Quilting workshop success stories

Day one of the Gaudynski workshop started out quietly, since we mostly just talked our way through to lunch. Diane has so much quilting knowledge in her head, and she started the workshop with a bit of lecture, and introductions. Every time a student would introduce herself, Diane would talk about something the student said and more quilting knowledge gems would just spill out of her. By lunchtime, my notepad was filled and my own head was stuffed full of new tips to make machine quilting easier and better.

I don’t know what it was that Diane said or did exactly, but it all finally clicked into place.

After lunch, the serious quilting started. Now, I’ve bought and read and re-read her books, and I’ve had success with some of her techniques, but I’ve never been happy with echo quilting. Actually, to be honest, I’ve hated it the few times I’ve tried it, partly because I just couldn’t get it to look right. Wouldn’t you know that was the first thing she wanted us to do. But after the way she explained it and demonstrated echo quilting, and had the students practice it, I was able to finally get it right! I was so thrilled! She used it as a warm up to all the rest of her techniques, and it really did help to get that one basic thing right.

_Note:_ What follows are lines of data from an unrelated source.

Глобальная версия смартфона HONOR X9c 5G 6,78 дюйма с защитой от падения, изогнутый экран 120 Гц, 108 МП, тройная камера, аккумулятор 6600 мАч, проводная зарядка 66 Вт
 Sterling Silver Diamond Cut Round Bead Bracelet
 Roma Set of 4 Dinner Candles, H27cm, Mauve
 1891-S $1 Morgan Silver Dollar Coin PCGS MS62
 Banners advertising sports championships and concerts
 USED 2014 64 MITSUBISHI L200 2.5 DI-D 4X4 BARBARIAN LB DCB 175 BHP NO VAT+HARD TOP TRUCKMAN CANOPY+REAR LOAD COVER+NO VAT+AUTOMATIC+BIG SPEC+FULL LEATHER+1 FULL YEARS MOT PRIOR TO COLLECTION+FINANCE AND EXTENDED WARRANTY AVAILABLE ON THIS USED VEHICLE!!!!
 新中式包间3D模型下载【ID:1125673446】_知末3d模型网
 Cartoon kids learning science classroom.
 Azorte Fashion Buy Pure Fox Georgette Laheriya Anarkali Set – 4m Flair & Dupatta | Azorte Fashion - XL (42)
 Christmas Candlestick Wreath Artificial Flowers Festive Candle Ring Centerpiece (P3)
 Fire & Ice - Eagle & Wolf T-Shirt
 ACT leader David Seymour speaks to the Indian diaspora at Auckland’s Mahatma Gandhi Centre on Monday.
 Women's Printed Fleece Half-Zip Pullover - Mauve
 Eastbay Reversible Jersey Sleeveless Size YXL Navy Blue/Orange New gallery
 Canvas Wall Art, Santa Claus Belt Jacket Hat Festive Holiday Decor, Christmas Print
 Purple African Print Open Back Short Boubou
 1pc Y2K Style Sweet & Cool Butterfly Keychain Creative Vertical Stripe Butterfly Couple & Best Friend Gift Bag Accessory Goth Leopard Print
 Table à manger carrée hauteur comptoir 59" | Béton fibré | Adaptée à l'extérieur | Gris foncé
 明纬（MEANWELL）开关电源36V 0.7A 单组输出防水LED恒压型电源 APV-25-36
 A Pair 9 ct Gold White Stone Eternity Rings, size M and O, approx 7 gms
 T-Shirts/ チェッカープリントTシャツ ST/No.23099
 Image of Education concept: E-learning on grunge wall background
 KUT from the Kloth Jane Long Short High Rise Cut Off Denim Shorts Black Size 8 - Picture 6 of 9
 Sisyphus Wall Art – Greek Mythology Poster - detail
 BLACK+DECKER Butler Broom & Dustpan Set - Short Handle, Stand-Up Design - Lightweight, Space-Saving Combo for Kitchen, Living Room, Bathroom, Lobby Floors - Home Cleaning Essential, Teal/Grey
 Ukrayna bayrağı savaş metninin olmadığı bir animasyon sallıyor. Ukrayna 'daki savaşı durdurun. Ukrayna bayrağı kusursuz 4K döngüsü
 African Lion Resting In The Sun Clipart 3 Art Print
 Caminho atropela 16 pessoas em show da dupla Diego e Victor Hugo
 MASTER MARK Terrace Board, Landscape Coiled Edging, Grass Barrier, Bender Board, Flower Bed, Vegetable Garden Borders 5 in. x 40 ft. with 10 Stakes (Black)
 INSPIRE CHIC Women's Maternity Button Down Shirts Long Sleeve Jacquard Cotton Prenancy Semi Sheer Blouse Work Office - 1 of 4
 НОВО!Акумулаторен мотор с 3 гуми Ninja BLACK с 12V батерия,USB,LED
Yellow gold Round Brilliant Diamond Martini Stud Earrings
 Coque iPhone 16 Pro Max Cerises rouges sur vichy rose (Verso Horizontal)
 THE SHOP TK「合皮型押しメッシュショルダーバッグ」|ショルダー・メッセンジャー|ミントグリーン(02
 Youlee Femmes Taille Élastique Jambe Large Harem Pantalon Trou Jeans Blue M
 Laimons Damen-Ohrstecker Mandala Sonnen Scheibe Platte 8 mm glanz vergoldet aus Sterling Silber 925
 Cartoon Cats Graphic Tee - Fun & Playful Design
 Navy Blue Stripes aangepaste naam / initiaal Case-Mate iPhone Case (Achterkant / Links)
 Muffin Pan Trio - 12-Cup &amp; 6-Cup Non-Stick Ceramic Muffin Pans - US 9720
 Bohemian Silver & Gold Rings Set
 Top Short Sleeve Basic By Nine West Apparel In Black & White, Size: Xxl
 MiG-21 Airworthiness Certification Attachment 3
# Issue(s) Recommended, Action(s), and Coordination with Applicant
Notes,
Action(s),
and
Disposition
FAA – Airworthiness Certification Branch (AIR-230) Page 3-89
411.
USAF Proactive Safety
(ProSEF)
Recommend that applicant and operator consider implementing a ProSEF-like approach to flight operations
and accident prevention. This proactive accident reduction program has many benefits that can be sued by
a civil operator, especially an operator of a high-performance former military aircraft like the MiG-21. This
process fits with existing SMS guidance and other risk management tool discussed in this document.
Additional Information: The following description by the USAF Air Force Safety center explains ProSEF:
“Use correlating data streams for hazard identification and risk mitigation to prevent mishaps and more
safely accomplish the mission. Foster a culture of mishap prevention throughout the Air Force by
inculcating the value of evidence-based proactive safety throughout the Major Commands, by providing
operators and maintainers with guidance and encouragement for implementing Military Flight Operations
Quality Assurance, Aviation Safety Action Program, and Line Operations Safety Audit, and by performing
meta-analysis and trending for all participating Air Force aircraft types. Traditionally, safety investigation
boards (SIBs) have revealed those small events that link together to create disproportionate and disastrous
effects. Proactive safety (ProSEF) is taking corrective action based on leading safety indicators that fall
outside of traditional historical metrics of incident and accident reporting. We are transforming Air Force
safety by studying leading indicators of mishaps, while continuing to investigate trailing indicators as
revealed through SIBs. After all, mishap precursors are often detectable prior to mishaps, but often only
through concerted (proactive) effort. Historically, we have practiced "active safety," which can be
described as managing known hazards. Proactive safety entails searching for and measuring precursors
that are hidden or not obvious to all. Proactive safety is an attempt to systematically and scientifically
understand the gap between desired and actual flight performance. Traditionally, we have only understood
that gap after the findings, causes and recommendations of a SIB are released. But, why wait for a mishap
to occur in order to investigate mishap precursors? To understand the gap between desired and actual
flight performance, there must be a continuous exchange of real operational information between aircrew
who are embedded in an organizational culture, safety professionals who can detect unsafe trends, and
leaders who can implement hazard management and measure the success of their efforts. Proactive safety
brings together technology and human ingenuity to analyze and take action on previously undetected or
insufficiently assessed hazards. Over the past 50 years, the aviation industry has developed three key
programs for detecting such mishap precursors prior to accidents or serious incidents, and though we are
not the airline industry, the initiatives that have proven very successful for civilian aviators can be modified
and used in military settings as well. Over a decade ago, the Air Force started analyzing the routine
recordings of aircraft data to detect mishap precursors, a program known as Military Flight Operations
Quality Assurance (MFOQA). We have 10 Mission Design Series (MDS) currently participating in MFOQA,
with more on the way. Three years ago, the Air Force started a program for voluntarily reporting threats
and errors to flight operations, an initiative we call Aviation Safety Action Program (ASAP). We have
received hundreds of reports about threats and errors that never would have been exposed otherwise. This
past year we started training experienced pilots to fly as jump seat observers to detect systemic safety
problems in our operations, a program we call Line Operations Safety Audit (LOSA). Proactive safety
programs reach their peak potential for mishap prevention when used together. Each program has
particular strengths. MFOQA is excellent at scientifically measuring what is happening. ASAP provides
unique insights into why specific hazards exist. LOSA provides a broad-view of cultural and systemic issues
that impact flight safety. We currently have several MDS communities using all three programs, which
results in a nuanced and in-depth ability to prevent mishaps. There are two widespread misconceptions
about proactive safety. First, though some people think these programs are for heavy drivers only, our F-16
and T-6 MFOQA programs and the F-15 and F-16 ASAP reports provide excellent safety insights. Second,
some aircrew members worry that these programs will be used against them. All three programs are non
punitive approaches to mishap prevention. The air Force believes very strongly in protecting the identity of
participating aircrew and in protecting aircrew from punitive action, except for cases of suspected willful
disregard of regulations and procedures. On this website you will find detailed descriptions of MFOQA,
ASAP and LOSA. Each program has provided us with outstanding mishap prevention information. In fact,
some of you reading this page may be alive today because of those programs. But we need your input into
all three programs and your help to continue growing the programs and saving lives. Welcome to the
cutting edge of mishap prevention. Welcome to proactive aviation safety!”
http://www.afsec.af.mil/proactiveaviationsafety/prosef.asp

You know, I’ve always kind of wondered why quilters need classes so much. Really, I have, and I’ve sometimes felt somewhat superfluous in workshops as an instructor, when I’ve mostly learned from books and I felt like everybody else could do the same if they only tried. So now I finally get it. I’ve never taken a workshop like this after trying the same techniques in a book and not being as successful as I would have liked. I don’t know what it was that Diane said or did exactly, but it all finally clicked into place. In the past, the other classes and workshops that I’ve taken were all techniques that I was unfamiliar with, and just wanted to try out, so I didn’t get this same feeling that being with the instructor in person made all the difference in the level of success. Something to remember, obviously.

Another thing that I finally got right: using the #100 silk thread, and liking it! I bought the Diane Gaudynski assortments of the #100 silk thread on the cones from YLI a couple of years ago, and every time I tried to use them, I didn’t like them, which was really painful since they were soooo expensive! I realize now that part of the problem was that I was using thread that was too dark on fabric that was too light. I had transferred what I knew about cotton threads directly over to the usage of the silk, and it didn’t work right. Silk thread is so thin and fine, that a too dark thread on a too light fabric will look horrible. I knew that in theory, but I didn’t realize how much closer the values of the thread and the fabric needed to be to look good. The colors that I was instinctively putting together based on my experiences with cotton threads were all wrong. Diane set me straight on that one too.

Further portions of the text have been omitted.